Q. RDMA requires TCP/IP (iWARP), InfiniBand, or RoCE to operate on with respect to NVMe over Fabrics. Therefore, what are the advantages of disadvantages of iWARP vs. RoCE?
A. Both RoCE and iWARP support RDMA over Ethernet. iWARP uses TCP/IP while RoCE uses UDP/IP. Debating which one is better is beyond the scope of this webcast, but you can learn more by watching the SNIA ESF webcast, “How Ethernet RDMA Protocols iWARP and RoCE Support NVMe over Fabrics.”
Q. 100Gb Ethernet Optical Data Center solution?
A. 100Gb Ethernet optical interconnect products were first available around 2011 or 2012 in a 10x10Gb/s design (100GBASE-CR10 for copper, 100GBASE-SR10 for optical) which required thick cables and a CXP and a CFP MSA housing. These were generally used only for switch-to-switch links. Starting in late 2015, the more compact 4x25Gb/s design (using the QSFP28 form factor) became available in copper (DAC), optical cabling (AOC), and transceivers (100GBASE-SR4, 100GBASE-LR4, 100GBASE-PSM4, etc.). The optical transceivers allow 100GbE connectivity up to 100m, or 2km and 10km distances, depending on the type of transceiver and fiber used.
Q. Where is FCoE being used today?
A. FCoE is primarily used in blade server deployments where there could be contention for PCI slots and only one built-in NIC. These NICs typically support FCoE at 10Gb/s speeds, passing both FC and Ethernet traffic via connect to a Top-of-Rack FCoE switch which parses traffic to the respective fabrics (FC and Ethernet). However, it has not gained much acceptance outside of the blade server use case.
Q. Why did iSCSI start out mostly in lower-cost SAN markets?
A. When it first debuted, iSCSI packets were processed by software initiators which consumed CPU cycles and showed higher latency than Fibre Channel.

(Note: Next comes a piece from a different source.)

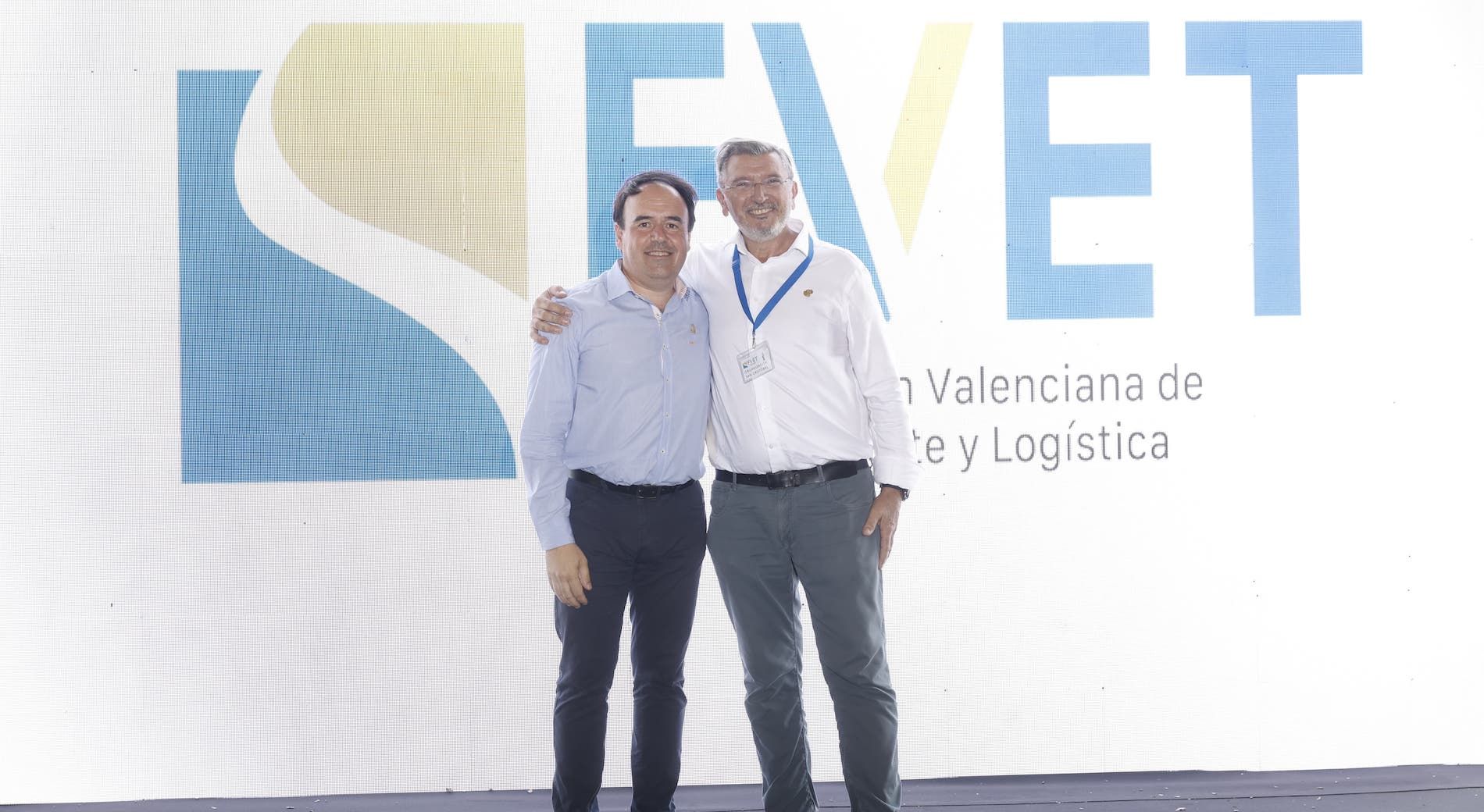 El transporte por carretera valenciano aporta el 4% del PIB regional.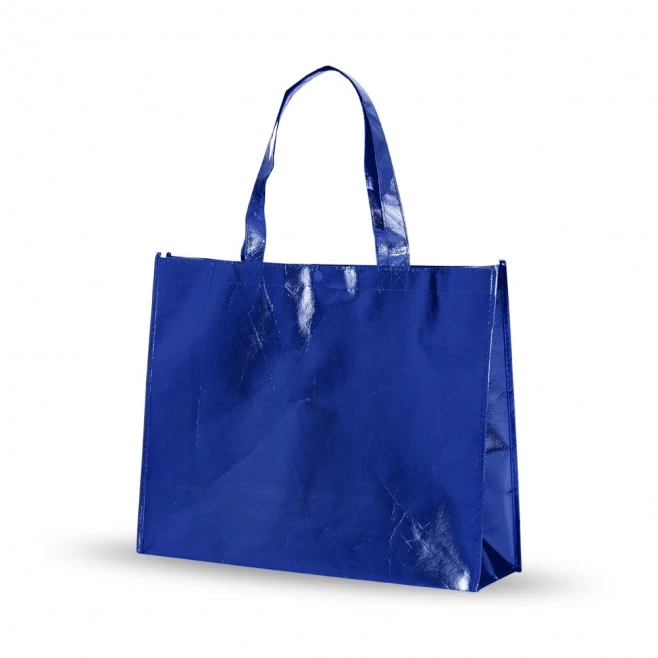Sacola TNT Metalizada Personalizada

Achieving high performance with iSCSI required expensive NICs with iSCSI hardware acceleration, and iSCSI networks were typically limited to 100Mb/s or 1Gb/s while Fibre Channel was running at 4Gb/s. Fibre Channel is also a lossless protocol, while TCP/IP is lossey, which caused concerns for storage administrators. Now however, iSCSI can run on 25, 40, 50 or 100Gb/s Ethernet with various types of TCP/IP acceleration or RDMA offloads available on the NICs.
Q. What are some of the differences between iSCSI and FCoE?
A. iSCSI runs SCSI protocol commands over TCP/IP (except iSER which is iSCSI over RDMA) while FCoE runs Fibre Channel protocol over Ethernet. iSCSI can run over layer 2 and 3 networks while FCoE is Layer 2 only. FCoE requires a lossless network, typically implemented using DCB (Data Center Bridging) Ethernet and specialized switches.
Q. You pointed out that at least twice that people incorrectly predicted the end of Fibre Channel, but it didn’t happen. What makes you say Fibre Channel is actually going to decline this time?
A. Several things are different this time. First, Ethernet is now much faster than Fibre Channel instead of the other way around. Second, Ethernet networks now support lossless and RDMA options that were not previously available. Third, several new solutions–like big data, hyper-converged infrastructure, object storage, most scale-out storage, and most clustered file systems–do not support Fibre Channel. Fourth, none of the hyper-scale cloud implementations use Fibre Channel and most private and public cloud architects do not want a separate Fibre Channel network–they want one converged network, which is usually Ethernet.
Q. Which storage protocols support RDMA over Ethernet?
A. The Ethernet RDMA options for storage protocols are iSER (iSCSI Extensions for RDMA), SMB Direct, NVMe over Fabrics, and NFS over RDMA. There are also storage solutions that use proprietary protocols supporting RDMA over Ethernet.